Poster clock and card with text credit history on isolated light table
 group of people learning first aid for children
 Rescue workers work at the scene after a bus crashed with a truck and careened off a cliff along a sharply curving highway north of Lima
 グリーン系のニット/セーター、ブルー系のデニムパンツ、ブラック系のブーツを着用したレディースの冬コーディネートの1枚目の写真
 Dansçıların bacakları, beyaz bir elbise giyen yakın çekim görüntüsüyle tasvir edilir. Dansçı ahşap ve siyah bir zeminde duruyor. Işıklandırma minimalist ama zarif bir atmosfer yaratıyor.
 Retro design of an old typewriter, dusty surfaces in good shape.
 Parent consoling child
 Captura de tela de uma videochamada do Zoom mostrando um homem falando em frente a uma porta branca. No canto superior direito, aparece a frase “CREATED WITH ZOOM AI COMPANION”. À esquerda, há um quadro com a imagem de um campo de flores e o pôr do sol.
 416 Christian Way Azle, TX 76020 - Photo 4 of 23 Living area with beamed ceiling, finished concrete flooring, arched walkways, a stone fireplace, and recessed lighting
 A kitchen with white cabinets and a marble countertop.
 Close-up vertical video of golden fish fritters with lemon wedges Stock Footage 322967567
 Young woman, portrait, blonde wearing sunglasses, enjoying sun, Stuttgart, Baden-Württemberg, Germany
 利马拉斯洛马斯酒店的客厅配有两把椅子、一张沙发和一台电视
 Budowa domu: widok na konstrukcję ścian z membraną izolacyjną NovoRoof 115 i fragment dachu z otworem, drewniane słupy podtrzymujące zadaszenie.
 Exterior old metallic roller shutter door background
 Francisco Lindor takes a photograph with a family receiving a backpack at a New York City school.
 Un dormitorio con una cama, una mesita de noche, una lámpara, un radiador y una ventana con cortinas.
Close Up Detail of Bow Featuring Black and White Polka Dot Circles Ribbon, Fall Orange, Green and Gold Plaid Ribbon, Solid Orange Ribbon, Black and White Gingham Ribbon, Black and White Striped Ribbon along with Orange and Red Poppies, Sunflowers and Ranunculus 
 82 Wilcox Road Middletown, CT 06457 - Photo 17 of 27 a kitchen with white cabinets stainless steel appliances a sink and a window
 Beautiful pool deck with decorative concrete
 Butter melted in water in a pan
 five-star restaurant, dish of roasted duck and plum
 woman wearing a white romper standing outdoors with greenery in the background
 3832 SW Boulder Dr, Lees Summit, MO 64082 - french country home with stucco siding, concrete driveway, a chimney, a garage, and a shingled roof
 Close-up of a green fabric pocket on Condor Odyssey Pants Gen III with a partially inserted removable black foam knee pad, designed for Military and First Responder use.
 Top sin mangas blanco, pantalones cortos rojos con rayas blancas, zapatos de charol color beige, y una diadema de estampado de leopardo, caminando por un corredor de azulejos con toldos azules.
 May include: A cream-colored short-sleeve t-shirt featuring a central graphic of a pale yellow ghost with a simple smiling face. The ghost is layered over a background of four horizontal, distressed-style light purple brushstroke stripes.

• • •

#### TRY IT:
Lines from the start of the records through the one containing "Captura de tela" are what should be retyped, exactly and in full, both ends included.

#### ANSWER SECTION:
Poster clock and card with text credit history on isolated light table
 group of people learning first aid for children
 Rescue workers work at the scene after a bus crashed with a truck and careened off a cliff along a sharply curving highway north of Lima
 グリーン系のニット/セーター、ブルー系のデニムパンツ、ブラック系のブーツを着用したレディースの冬コーディネートの1枚目の写真
 Dansçıların bacakları, beyaz bir elbise giyen yakın çekim görüntüsüyle tasvir edilir. Dansçı ahşap ve siyah bir zeminde duruyor. Işıklandırma minimalist ama zarif bir atmosfer yaratıyor.
 Retro design of an old typewriter, dusty surfaces in good shape.
 Parent consoling child
 Captura de tela de uma videochamada do Zoom mostrando um homem falando em frente a uma porta branca. No canto superior direito, aparece a frase “CREATED WITH ZOOM AI COMPANION”. À esquerda, há um quadro com a imagem de um campo de flores e o pôr do sol.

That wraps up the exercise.